Ask anyone, ask the staff (if you can catch them): The first lap of Ikea is truly very magical. Not only do you get to choose your dreams from a showroom of infinite potential, you also get the great privilege of assembling those dreams with an allen key.
So too will other Adulty-things become less and less fun the more you have to do (and pay for) them.
Did you know that when they give you the keys to the house they do not also give you WiFi? Or a mop?
The weird discount internet company will not care about you nearly as much as your parents did, when they paid for and troubleshooted the internet all your life.
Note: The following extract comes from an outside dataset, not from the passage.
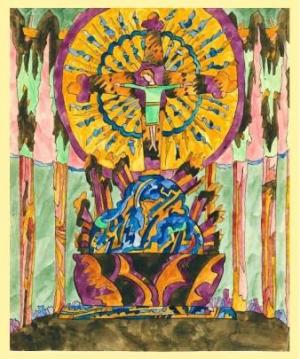 Paul Goesch, „Altar“ (Ende 1920/Anfang 1921)Gouache auf Papier. Besitz des „Freu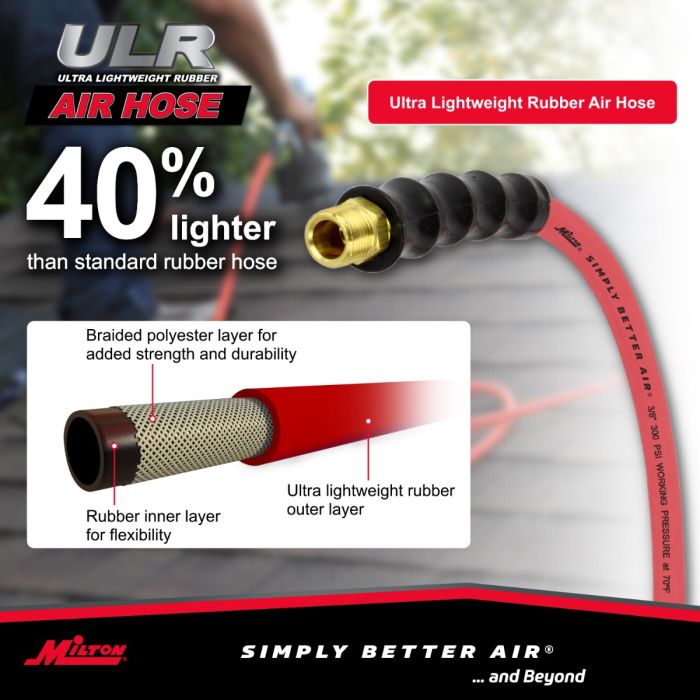 3/8" Ultra Lightweight Rubber Hose, 35' Air Hose w/ 3/8" NPT Male Inlet Thread Ends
And the mop thing is just a daily battle between how much you can tolerate sticky jam stains versus how much you don’t want to ride back from the shops with a mop under your arm, as if you’re on your way to a very shit, low-fi joust.
The flickering light at the end of the lonely tunnel of self-reliance, though, is that getting the internet to work or paying the first gas bill or identifying the source of the smell in the cupboard as some very old onions can be genuinely euphoric. So is finding shit but usable furniture on the side of the road. So is the council picking up your overflowing recycling bin. So is doing a three-point turn to get around an inner west roundabout in the hire van, then smashing the back of the van into a letterbox.
And one unexceptional day after a few weeks, once you’re used to the rent and (most of) your stuff is in the wardrobe and you use the right keys to open the right door, you will say, ‘I’m going home,’ without any disclaimers.